Strona:PL Joseph Conrad-U kresu sił.djvu/169

Z Wikiźródeł, wolnej biblioteki
Ta strona została uwierzytelniona.

— Panie szefie — powtórzył Jack obojętnie. Rozczochrany, o tępych, nabiegłych krwią oczach, w zatabaczonej, utytłanej koszuli, wytłuszczonych spodniach i podartych pantoflach włożonych na bose nogi, rzucił się ze spuszczoną głową w zejście, gdy tylko Massy ustąpił z drogi.

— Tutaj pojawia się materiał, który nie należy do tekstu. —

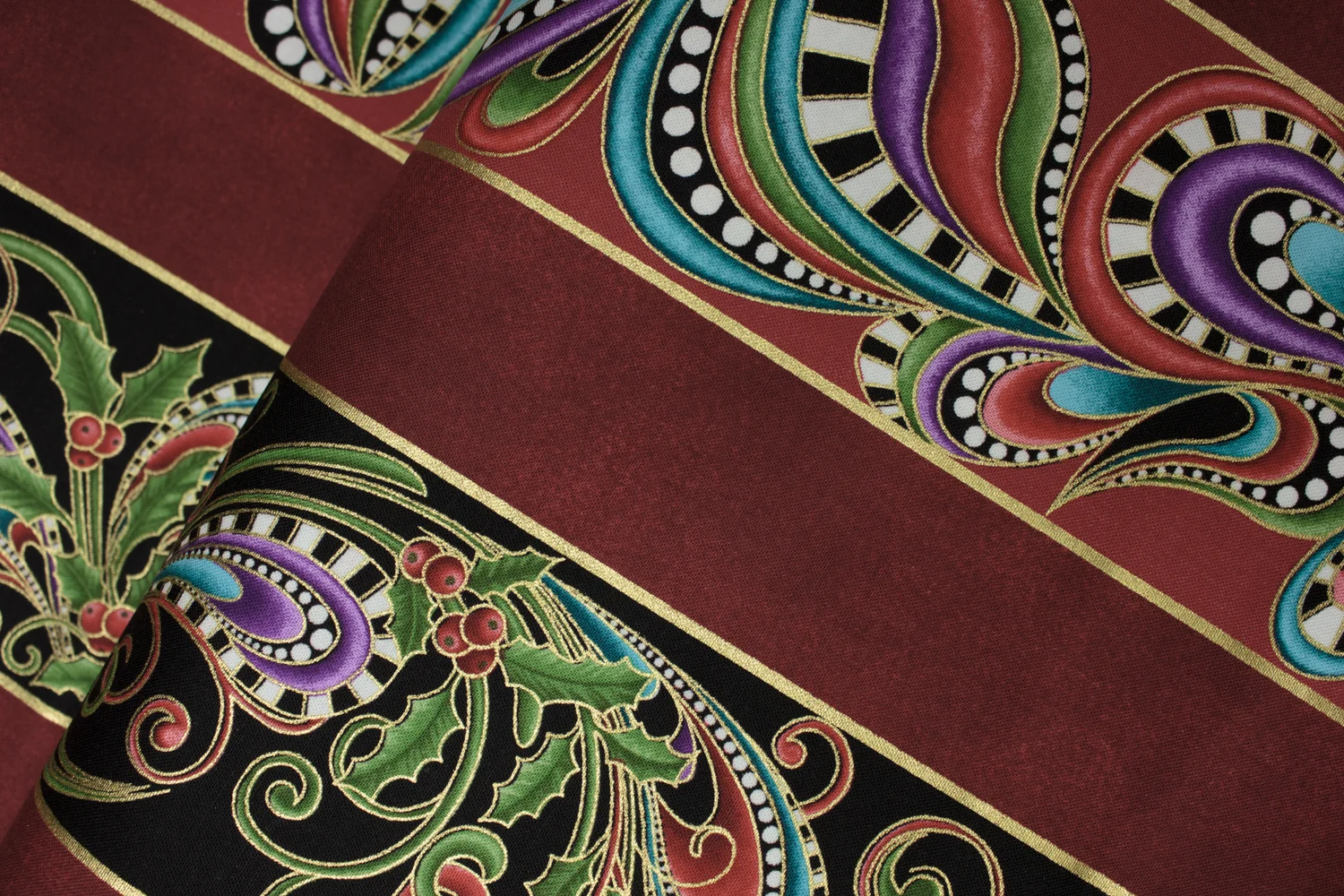 CAT-I-TUDE CHRISTMAS: Wide Stripe by Ann Lauer for Benartex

Pierwszy mechanik rozejrzał się. Pokład był pusty aż do tylnej bariery. Wszyscy pasażerowie krajowcy wysiedli tym razem w Batu Beru i nikt się nowy nie zjawił. Log dźwięczał miarowo w ciemności u końca statku. Panowała martwa cisza i parowiec sunął na prostym kilu po ciemnoszarym, gładziutkim morzu, pod zachmurzonym niebem, przez nieruchome, ciepłe, pachnące wodorostami powietrze jakby lgnące do smukłego kadłuba, który zdawał się bujać w pustym przestworzu, oderwany od ziemi. Massy uderzył dłonią w czoło, zachwiał się z lekka i chwycił za kołek u stóp masztu.
— Ja chyba oszaleję — mruknął, idąc chwiejnym krokiem przez pokład. Na dole zgrzytała szufla przy podbieraniu rozsypanego węgla, szczęknęły drzwiczki od paleniska. Sterne na mostku zaczął gwizdać nową melodię.
Kapitan Whalley, który siedział na kanapce zupełnie ubrany i nie spał, usłyszał że drzwi od jego kajuty się otwierają. Z ostrożnością budzącą grozę ani drgnął i czekał na odezwanie się przybysza aby rozpoznać kto to taki.
Lampa u grodzi rzucała blask na biało pomalowane ściany, na czerwony plusz, na brązową politurę mahoniu. Paka z surowego drzewa pod koją nie była otwierana już od trzech lat, jakby kapitan czuł, że po utracie brygu Piękne Dziewczę nie ma na ziemi przybytku dla jego umiłowań. Dłonie Whalleya spoczywały na kolanach i piękna głowa o gęstych brwiach była zwrócona do drzwi kamiennym profilem. Oczekiwany głos w końcu przemówił:
— Więc pytam po raz ostatni. Jak mam pana nazywać?